Back in January, the City Council in Vancouver, WA transitioned to using iPad 2s and went almost entirely paperless. As a result, the city has experienced a 40 percent reduction in printed documents needed for meetings.
The iPad has replaced documents like packets for council meetings and orientation sessions after City Council Member Jack Burkman convinced the city to ditch the paper waste.
After the success of the trial run, the City Council is planning to complete its transition to paperless over the course of the next few months, and to facilitate the sharing of documents, the city set up an internal FTP site where it stores PDF files for council members to download.
It might sound expensive for the entire City Council to adopt the iPad, but it’s actually saving the city money. The city paid $71 per month for BlackBerry access, but just $43 per month for unlimited iPad data, resulting in a savings of $336 per year for every iPad that replaced a BlackBerry.
Printing those meeting packets can cost as much as $21.10, and with eight to ten items on an agenda, the city might see savings of $200 per meeting. That quickly justifies the upfront cost of the iPads, which ran about $601.50 each for a total of $17,000.

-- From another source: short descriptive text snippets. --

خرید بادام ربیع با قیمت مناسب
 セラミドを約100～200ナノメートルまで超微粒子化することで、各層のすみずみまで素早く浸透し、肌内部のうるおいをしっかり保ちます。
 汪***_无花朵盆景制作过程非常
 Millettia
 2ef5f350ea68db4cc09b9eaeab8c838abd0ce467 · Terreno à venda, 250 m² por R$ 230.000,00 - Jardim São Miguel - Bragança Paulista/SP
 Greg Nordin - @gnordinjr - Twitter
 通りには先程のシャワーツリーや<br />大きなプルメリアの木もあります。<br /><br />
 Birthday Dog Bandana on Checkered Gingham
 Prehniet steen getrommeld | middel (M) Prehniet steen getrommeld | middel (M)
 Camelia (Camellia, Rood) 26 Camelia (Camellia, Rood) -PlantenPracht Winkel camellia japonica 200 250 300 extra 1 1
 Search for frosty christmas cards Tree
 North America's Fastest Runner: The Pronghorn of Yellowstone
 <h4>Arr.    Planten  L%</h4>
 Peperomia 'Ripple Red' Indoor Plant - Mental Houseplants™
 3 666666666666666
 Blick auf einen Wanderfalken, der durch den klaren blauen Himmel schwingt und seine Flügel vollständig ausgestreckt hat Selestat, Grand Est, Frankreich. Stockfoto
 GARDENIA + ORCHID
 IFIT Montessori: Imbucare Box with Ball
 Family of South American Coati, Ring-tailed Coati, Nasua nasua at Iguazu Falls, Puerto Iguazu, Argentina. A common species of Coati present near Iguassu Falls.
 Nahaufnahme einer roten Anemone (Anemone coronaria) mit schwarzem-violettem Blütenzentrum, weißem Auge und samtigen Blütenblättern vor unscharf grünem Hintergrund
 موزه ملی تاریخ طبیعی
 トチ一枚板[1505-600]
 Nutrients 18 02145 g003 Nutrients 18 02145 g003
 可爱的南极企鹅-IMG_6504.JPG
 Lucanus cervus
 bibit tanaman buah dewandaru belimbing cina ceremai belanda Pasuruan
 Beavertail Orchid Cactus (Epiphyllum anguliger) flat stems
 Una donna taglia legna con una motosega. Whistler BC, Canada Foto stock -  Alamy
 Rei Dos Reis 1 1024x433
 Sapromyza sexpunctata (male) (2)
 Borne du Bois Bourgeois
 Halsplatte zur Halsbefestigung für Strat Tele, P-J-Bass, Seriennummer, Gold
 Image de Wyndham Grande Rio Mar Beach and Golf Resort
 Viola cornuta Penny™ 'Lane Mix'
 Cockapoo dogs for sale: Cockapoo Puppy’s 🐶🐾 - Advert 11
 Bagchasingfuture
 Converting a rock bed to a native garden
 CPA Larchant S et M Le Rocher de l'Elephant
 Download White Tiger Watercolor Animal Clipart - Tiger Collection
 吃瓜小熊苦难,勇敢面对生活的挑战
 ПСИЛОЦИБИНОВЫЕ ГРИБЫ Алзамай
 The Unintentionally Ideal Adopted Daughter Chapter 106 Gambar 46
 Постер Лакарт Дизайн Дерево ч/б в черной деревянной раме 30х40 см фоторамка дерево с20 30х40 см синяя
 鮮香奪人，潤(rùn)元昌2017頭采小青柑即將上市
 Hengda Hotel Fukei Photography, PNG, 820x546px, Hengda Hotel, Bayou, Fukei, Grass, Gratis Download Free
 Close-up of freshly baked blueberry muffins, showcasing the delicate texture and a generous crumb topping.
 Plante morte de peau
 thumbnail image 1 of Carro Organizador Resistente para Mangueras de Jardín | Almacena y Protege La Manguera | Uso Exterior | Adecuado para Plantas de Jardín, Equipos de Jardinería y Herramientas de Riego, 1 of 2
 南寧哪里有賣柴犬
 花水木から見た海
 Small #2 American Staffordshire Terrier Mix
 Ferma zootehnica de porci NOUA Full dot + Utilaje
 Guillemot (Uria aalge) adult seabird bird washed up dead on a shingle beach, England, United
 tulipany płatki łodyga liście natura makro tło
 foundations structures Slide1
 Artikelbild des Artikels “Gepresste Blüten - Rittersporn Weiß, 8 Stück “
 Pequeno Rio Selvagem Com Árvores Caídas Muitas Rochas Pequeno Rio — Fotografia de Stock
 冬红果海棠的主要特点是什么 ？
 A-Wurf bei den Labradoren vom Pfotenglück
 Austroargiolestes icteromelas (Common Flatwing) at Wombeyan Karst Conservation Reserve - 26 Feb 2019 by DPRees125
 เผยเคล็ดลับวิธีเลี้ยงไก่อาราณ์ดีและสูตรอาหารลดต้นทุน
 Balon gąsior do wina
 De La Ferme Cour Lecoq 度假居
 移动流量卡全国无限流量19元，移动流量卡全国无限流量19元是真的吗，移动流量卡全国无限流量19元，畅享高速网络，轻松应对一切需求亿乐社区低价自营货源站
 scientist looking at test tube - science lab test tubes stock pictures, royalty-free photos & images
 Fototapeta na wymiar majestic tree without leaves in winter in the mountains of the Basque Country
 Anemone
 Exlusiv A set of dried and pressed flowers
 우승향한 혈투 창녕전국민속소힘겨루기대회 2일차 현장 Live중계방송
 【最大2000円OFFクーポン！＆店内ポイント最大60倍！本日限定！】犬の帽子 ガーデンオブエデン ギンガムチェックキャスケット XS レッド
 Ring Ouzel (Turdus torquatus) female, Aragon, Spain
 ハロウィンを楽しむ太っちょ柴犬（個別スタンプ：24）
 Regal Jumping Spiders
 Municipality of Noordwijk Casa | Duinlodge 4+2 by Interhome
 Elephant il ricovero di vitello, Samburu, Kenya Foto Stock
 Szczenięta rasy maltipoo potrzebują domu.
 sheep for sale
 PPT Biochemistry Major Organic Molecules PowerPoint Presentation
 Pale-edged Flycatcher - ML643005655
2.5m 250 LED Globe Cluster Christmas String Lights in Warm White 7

Vancouver’s City Council isn’t the first government agency to start replacing RIM devices with iPads. The U.S. National Oceanic and Atmospheric Administration is planning on ditching BlackBerry, and the U.S. General Services Administration has added iOS devices to its approved purchasing list.
With the release of the next generation iPad, replacing print documents with tablets will be a no-brainer, because the high resolution Retina Display is crisper and easier to read. We’ll likely see many more organizations and corporations adopting iPads and going paperless during the course of 2012.